Let's start by creating a new D1 database.

# Define the API endpoint for creating a D1 database
API_BASE_URL = f"https://api.cloudflare.com/client/v4/accounts/{ACCOUNT_ID}/d1/database"

# Set up the headers with authorization
headers = {
    "Authorization": f"Bearer {AUTH_TOKEN}",
    "Content-Type": "application/json"
}

# Define the payload with the desired database name
data = {
    "name": "google_play_store_db"
}

# Send a POST request to create the database
response = requests.post(API_BASE_URL, headers=headers, json=data)

# Check the response
print(response.json())

Response Example:

{
    "success": true,
    "errors": [],
    "messages": [],
    "result": {
        "id": "your-d1-db-uuid",
        "name": "google_play_store_db",
        "created_on": "2024-04-27T12:34:56Z"
    }
}

Note: Replace "your-d1-db-uuid" with the actual UUID returned in the response. We'll use this UUID in subsequent API calls.

Creating Tables in D1

With our database created, the next step is to define the schema by creating tables. We'll generate a CREATE TABLE SQL statement based on our DataFrame's structure.
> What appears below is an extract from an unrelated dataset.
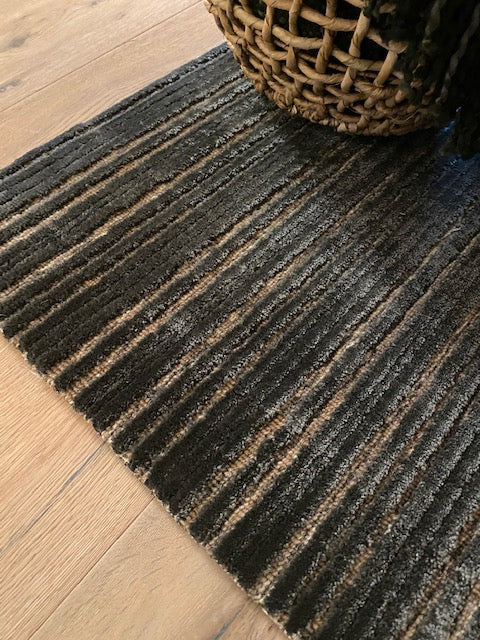 Archive Sale Jonac Stripe - Shaded Anthra 4' x 4'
# Function to generate CREATE TABLE SQL query from DataFrame
def create_table_sql(df, table_name):
    """Generates a CREATE TABLE SQL query for a Pandas DataFrame."""
    cols = []
    for column in df.columns:
        dtype = str(df[column].dtype)
        column = re.sub("\s+", "_", column.lower())
        if dtype == "object":
            cols.append(f"  {column} TEXT")
        elif dtype == "int64":
            cols.append(f"  {column} INTEGER")
        elif dtype == "float64":
            cols.append(f"  {column} REAL")
        else:
            cols.append(f"  {column} TEXT")  # Default to TEXT for unknown types
    sql_query = f"CREATE TABLE {table_name} (\n" + ",\n".join(cols) + "\n);"
    return sql_query

# Generate the CREATE TABLE statement
table_name = "google_play_store"
create_table_query = create_table_sql(df, table_name)

# Optionally, drop the table if it exists (use with caution)
create_table_query = "DROP TABLE IF EXISTS google_play_store;" + create_table_query
print(create_table_query)

Output:

DROP TABLE IF EXISTS google_play_store;
CREATE TABLE google_play_store (
  app TEXT,
  category TEXT,
  rating REAL,
  reviews TEXT,
  size TEXT,
  installs TEXT,
  type TEXT,
  price TEXT,
  contentrating TEXT,
  genres TEXT,
  lastupdated TEXT,
  currentver TEXT,
  androidver TEXT,
  id INTEGER
);

Now, let's execute this SQL statement using the D1 API.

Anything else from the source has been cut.